## TASK STATEMENT
Gather each line in the entries that includes the string "about".

※

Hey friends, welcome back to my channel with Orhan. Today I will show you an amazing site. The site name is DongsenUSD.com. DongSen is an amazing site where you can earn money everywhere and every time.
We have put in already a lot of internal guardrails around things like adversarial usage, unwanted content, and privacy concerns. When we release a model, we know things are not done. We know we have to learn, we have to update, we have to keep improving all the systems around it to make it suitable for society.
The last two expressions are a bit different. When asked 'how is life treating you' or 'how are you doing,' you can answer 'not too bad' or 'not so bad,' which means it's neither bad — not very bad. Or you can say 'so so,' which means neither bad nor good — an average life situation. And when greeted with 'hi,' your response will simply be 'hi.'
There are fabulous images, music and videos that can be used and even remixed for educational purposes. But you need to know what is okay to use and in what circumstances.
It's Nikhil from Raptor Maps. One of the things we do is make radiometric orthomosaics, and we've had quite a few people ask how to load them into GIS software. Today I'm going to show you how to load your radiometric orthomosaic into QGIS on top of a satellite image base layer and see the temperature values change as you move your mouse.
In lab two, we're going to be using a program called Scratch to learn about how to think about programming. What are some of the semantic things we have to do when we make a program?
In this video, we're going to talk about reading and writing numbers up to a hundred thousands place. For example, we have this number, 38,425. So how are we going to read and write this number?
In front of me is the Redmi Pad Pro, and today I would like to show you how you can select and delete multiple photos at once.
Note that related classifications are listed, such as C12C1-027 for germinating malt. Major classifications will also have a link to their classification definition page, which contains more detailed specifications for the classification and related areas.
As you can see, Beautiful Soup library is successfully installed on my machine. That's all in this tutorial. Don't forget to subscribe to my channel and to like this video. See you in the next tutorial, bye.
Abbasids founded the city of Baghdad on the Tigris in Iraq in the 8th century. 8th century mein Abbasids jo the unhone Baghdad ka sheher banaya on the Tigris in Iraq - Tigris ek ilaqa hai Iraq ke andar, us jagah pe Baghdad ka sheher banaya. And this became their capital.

※

## RESULT FOR THIS TASK
In lab two, we're going to be using a program called Scratch to learn about how to think about programming. What are some of the semantic things we have to do when we make a program?
In this video, we're going to talk about reading and writing numbers up to a hundred thousands place. For example, we have this number, 38,425. So how are we going to read and write this number?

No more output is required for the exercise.